• [Assignment]: With the pictures removed, the data below must be transcribed in full and exactly.
(Task data begins)
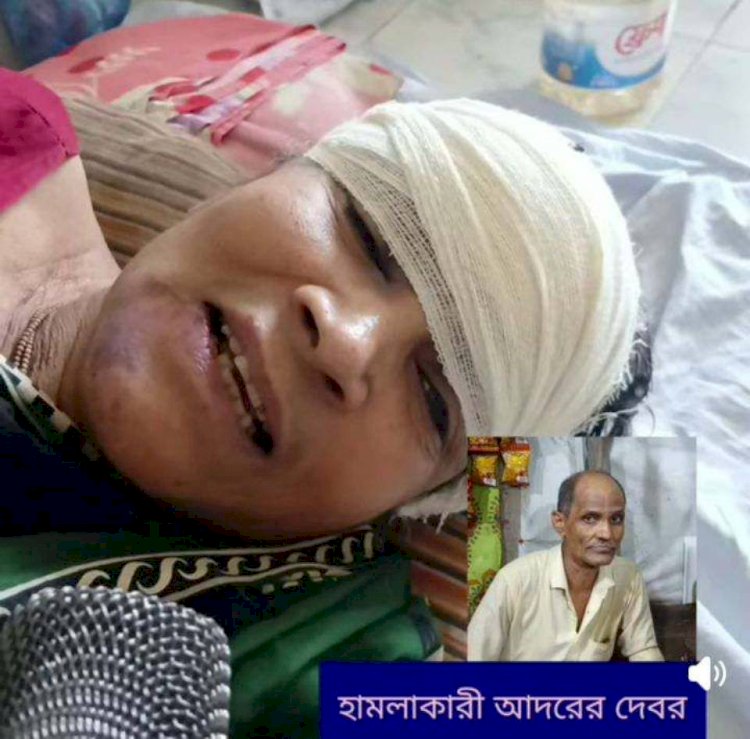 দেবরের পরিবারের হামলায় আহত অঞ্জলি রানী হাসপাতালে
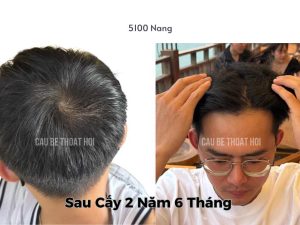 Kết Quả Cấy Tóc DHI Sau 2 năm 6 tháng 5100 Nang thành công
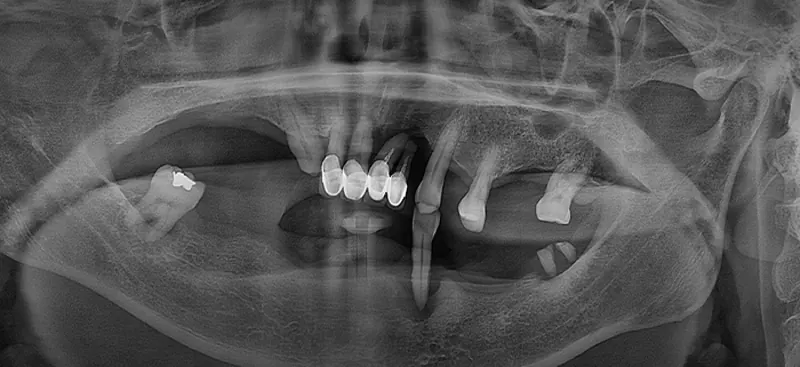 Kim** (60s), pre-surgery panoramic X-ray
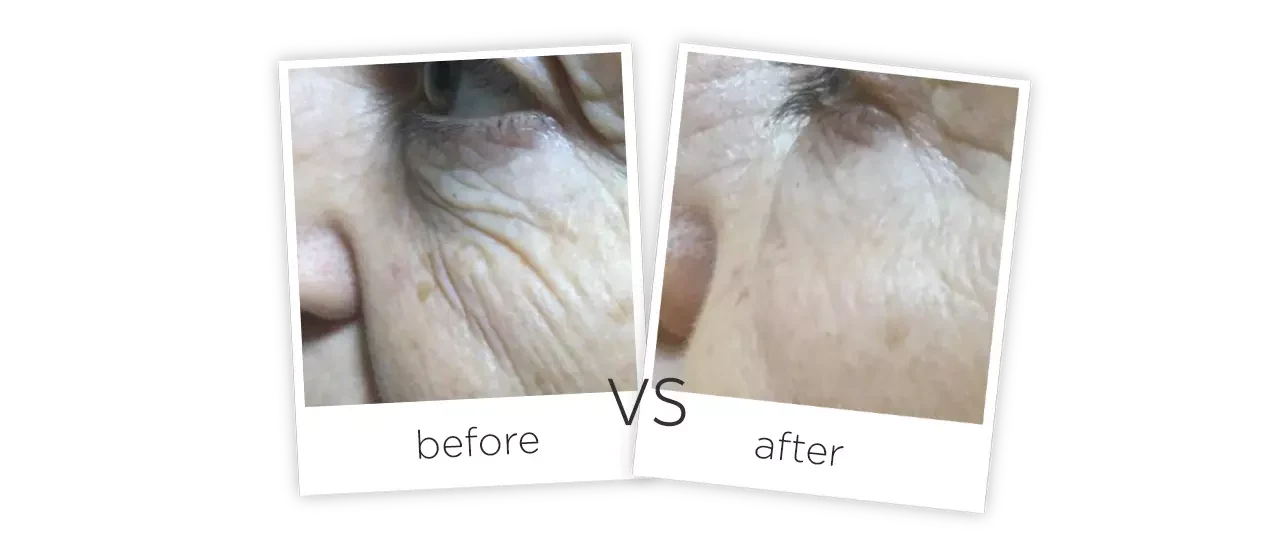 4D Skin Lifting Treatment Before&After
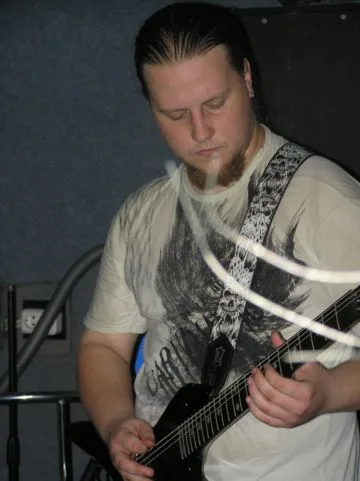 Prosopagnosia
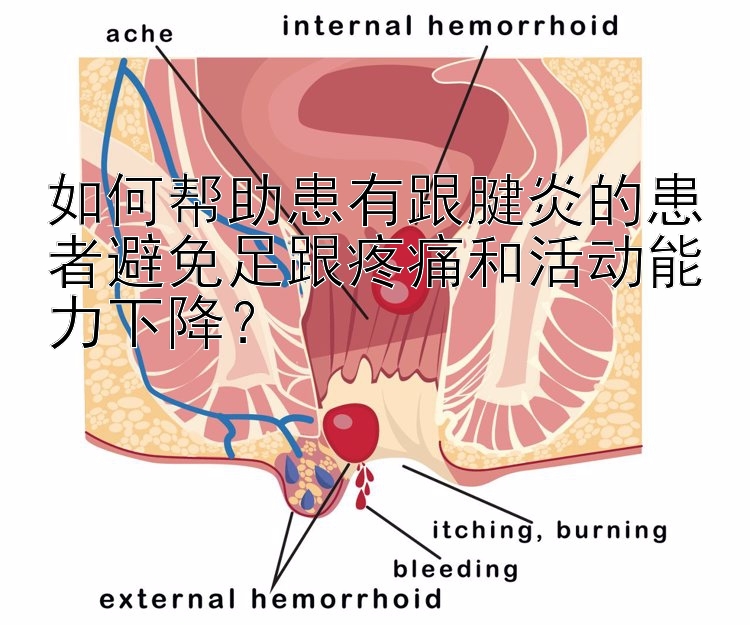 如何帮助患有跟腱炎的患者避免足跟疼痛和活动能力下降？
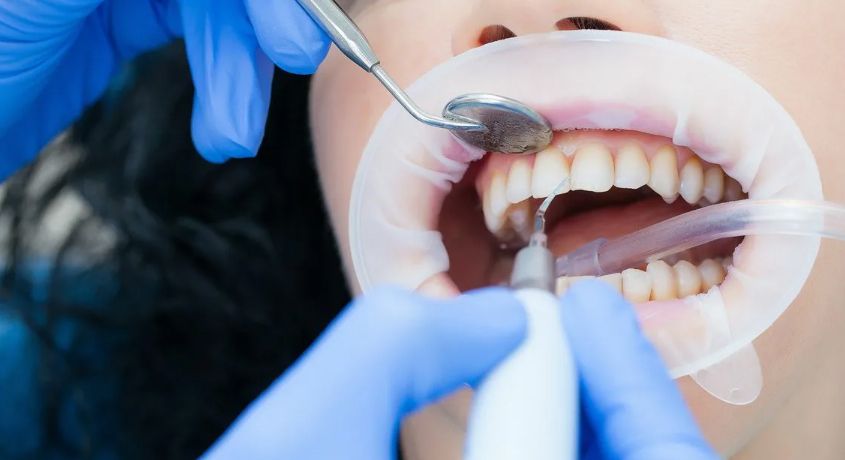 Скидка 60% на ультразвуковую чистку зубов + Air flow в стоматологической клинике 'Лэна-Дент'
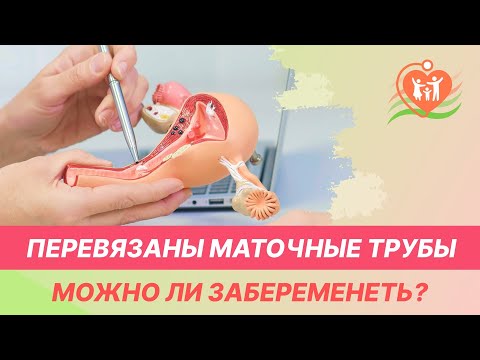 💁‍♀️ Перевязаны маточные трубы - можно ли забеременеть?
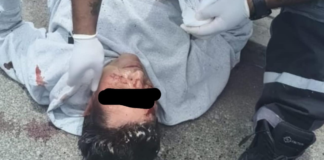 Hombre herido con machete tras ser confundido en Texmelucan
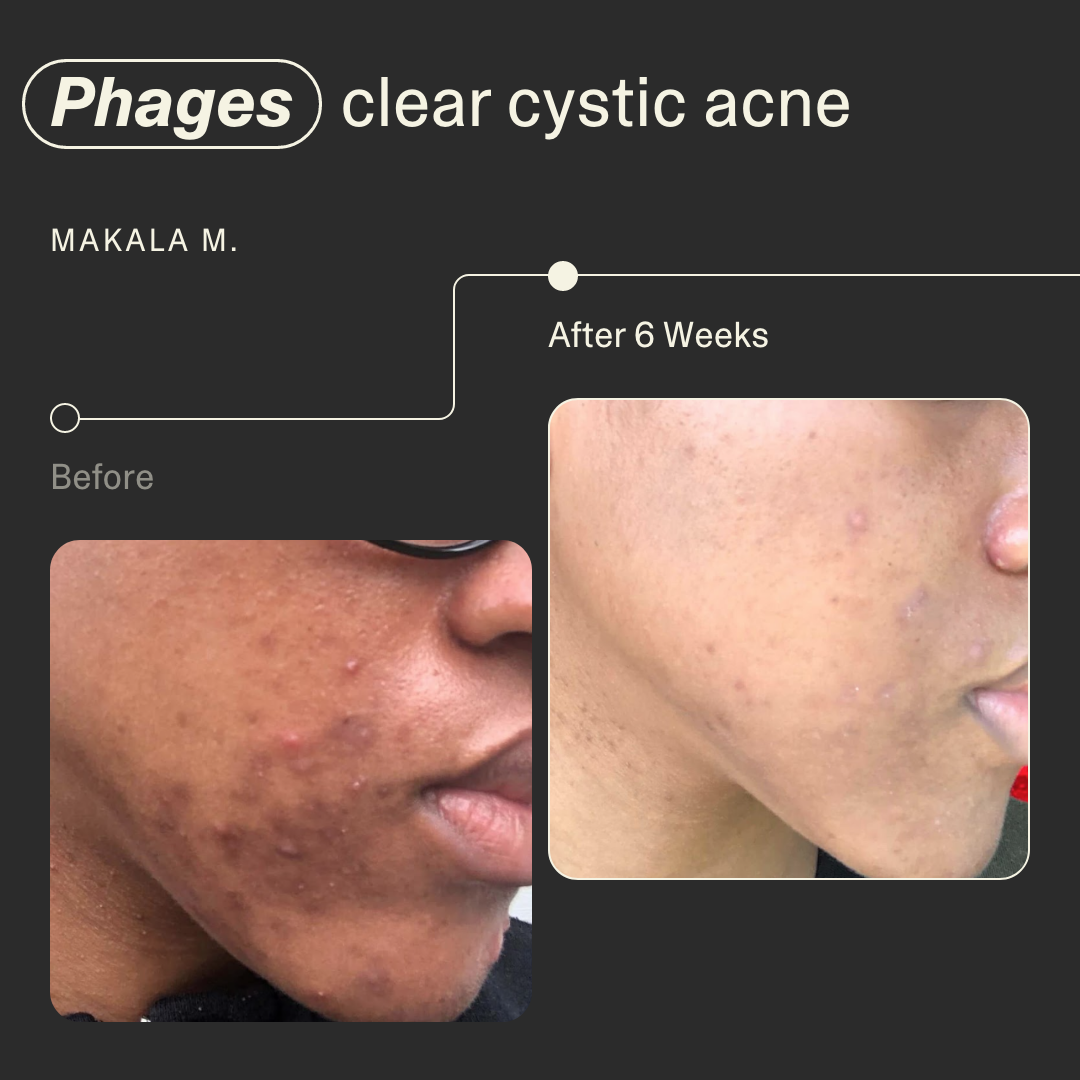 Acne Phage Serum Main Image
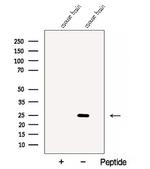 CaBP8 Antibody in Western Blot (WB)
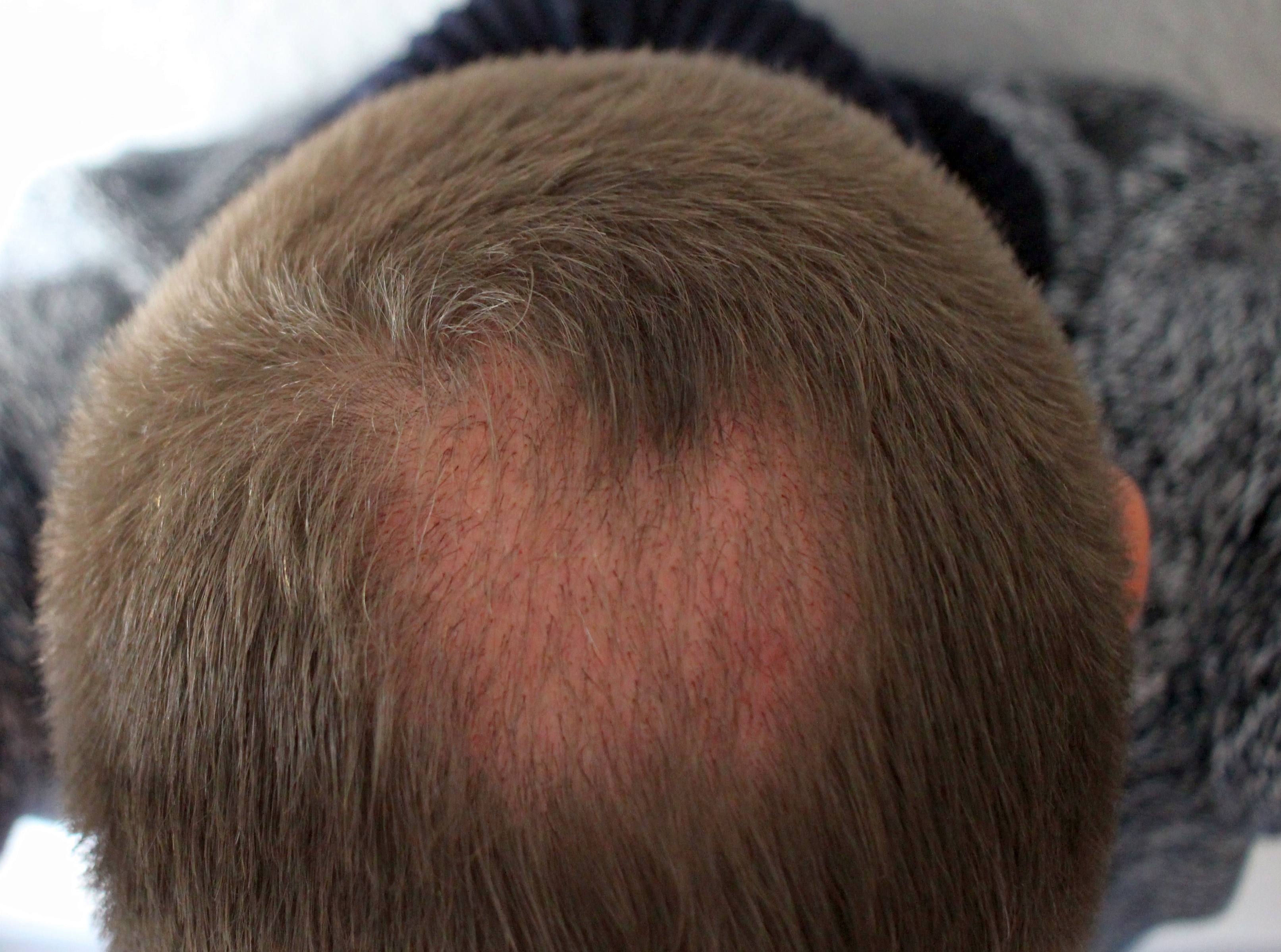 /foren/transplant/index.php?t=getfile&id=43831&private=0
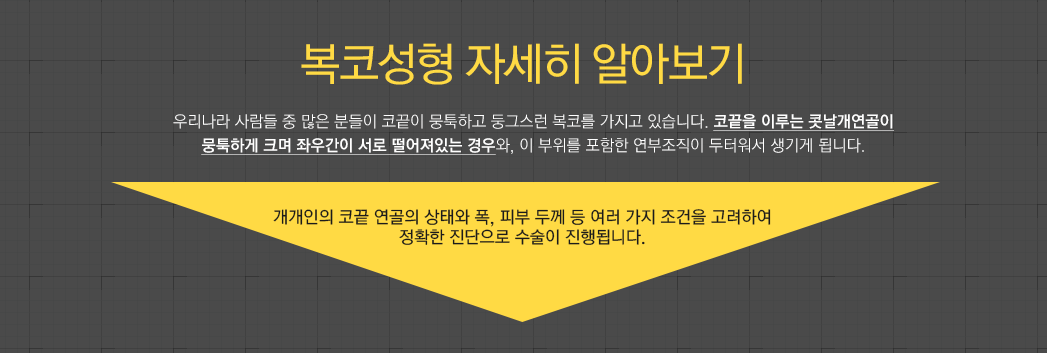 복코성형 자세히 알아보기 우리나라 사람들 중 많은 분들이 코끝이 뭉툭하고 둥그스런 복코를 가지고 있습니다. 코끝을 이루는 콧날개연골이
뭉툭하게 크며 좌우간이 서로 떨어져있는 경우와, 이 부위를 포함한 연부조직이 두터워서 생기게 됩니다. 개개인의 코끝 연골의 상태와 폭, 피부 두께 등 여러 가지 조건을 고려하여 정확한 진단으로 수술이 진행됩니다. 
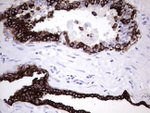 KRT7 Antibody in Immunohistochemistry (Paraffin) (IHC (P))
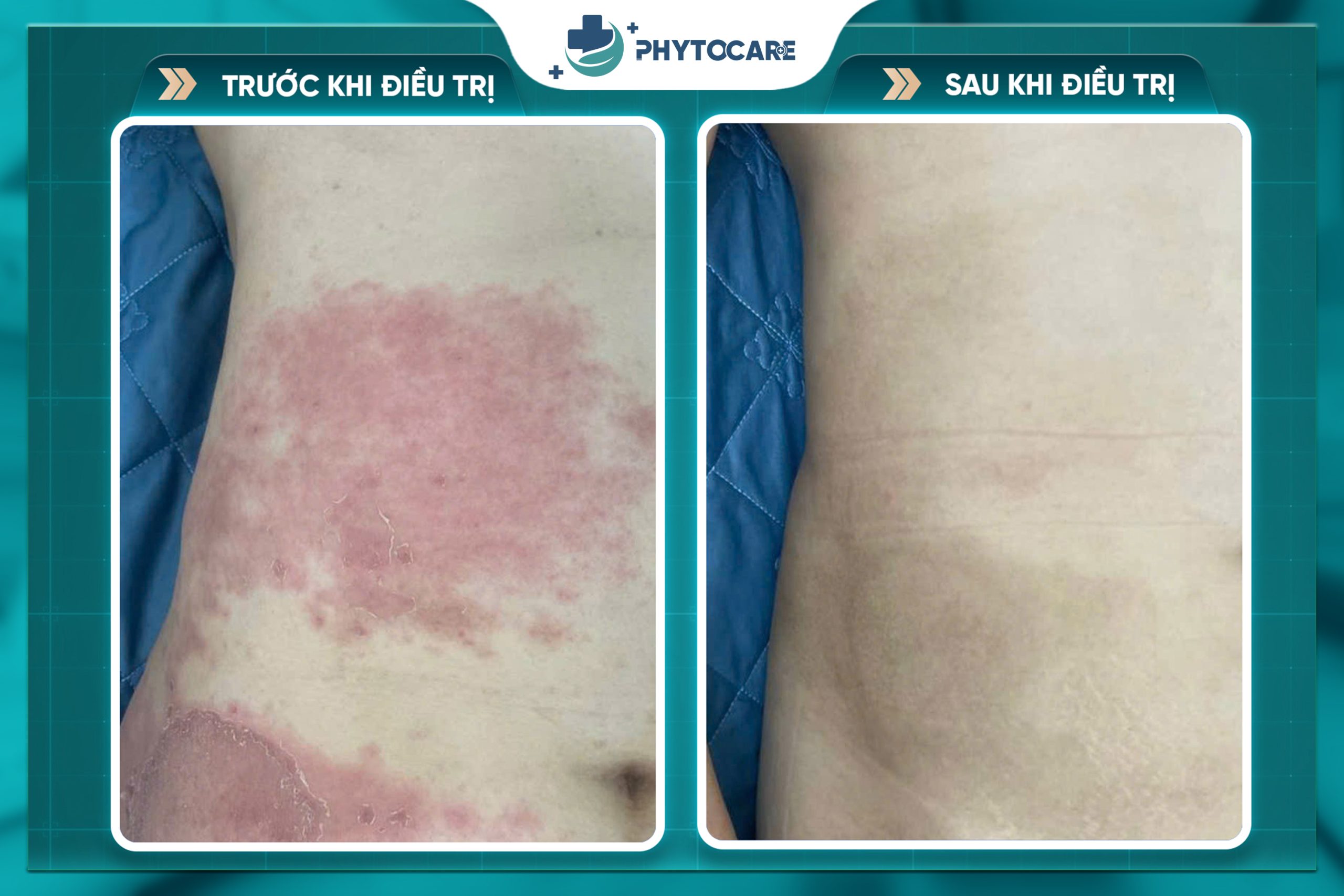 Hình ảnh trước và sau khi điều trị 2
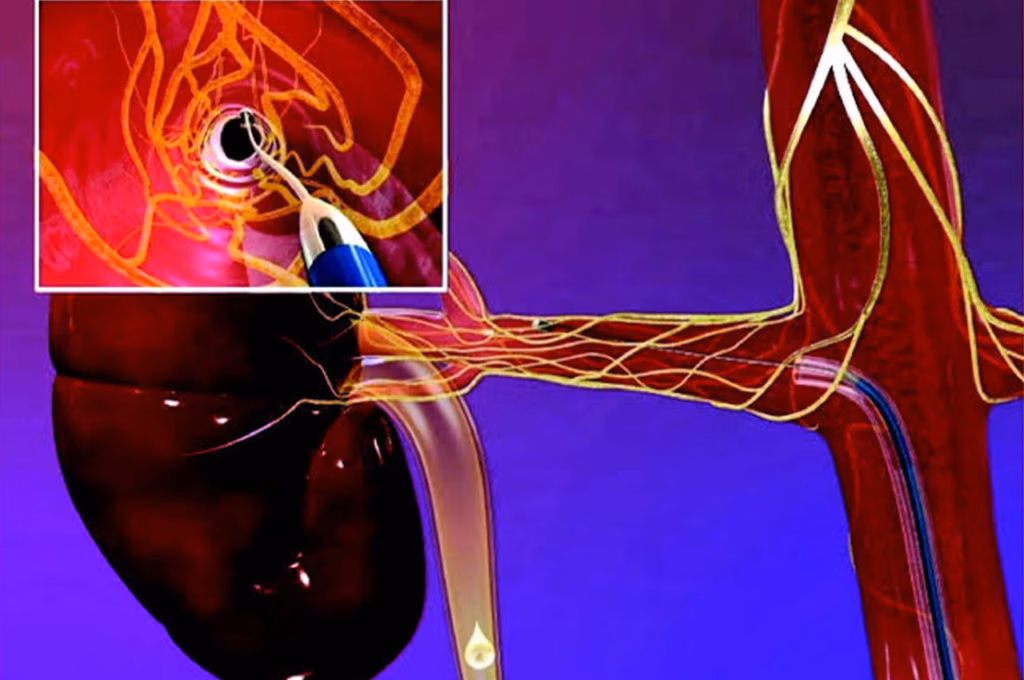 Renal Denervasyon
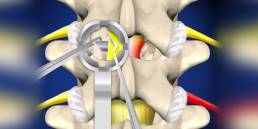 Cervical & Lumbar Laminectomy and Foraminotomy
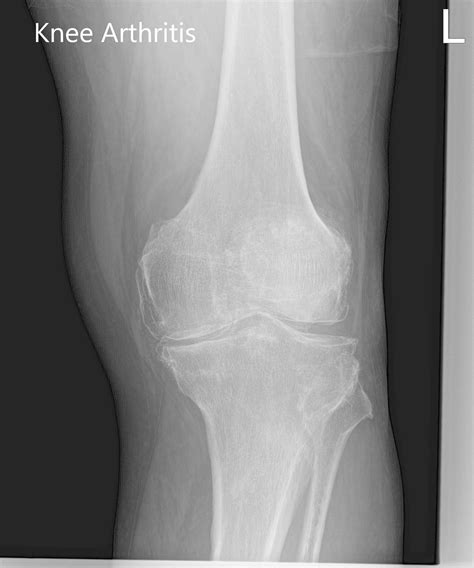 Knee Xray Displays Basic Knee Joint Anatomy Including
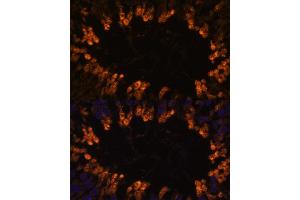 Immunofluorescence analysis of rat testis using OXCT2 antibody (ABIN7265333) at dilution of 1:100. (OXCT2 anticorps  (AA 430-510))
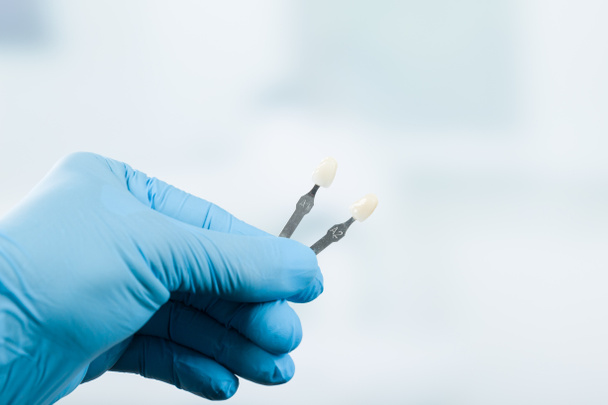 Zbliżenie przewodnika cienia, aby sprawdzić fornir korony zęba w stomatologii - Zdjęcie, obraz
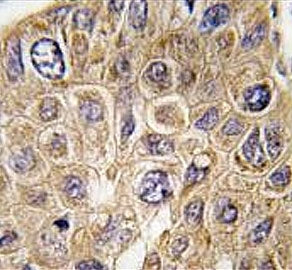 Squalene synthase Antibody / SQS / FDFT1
(Task data ends)
• [Written solution]:
 দেবরের পরিবারের হামলায় আহত অঞ্জলি রানী হাসপাতালে
 Kết Quả Cấy Tóc DHI Sau 2 năm 6 tháng 5100 Nang thành công
 Kim** (60s), pre-surgery panoramic X-ray
 4D Skin Lifting Treatment Before&After
 Prosopagnosia
 如何帮助患有跟腱炎的患者避免足跟疼痛和活动能力下降？
 Скидка 60% на ультразвуковую чистку зубов + Air flow в стоматологической клинике 'Лэна-Дент'
 💁‍♀️ Перевязаны маточные трубы - можно ли забеременеть?
 Hombre herido con machete tras ser confundido en Texmelucan
 Acne Phage Serum Main Image
 CaBP8 Antibody in Western Blot (WB)
 /foren/transplant/index.php?t=getfile&id=43831&private=0
 복코성형 자세히 알아보기 우리나라 사람들 중 많은 분들이 코끝이 뭉툭하고 둥그스런 복코를 가지고 있습니다. 코끝을 이루는 콧날개연골이
뭉툭하게 크며 좌우간이 서로 떨어져있는 경우와, 이 부위를 포함한 연부조직이 두터워서 생기게 됩니다. 개개인의 코끝 연골의 상태와 폭, 피부 두께 등 여러 가지 조건을 고려하여 정확한 진단으로 수술이 진행됩니다. 
 KRT7 Antibody in Immunohistochemistry (Paraffin) (IHC (P))
 Hình ảnh trước và sau khi điều trị 2
 Renal Denervasyon
 Cervical & Lumbar Laminectomy and Foraminotomy
 Knee Xray Displays Basic Knee Joint Anatomy Including
 Immunofluorescence analysis of rat testis using OXCT2 antibody (ABIN7265333) at dilution of 1:100. (OXCT2 anticorps  (AA 430-510))
 Zbliżenie przewodnika cienia, aby sprawdzić fornir korony zęba w stomatologii - Zdjęcie, obraz
 Squalene synthase Antibody / SQS / FDFT1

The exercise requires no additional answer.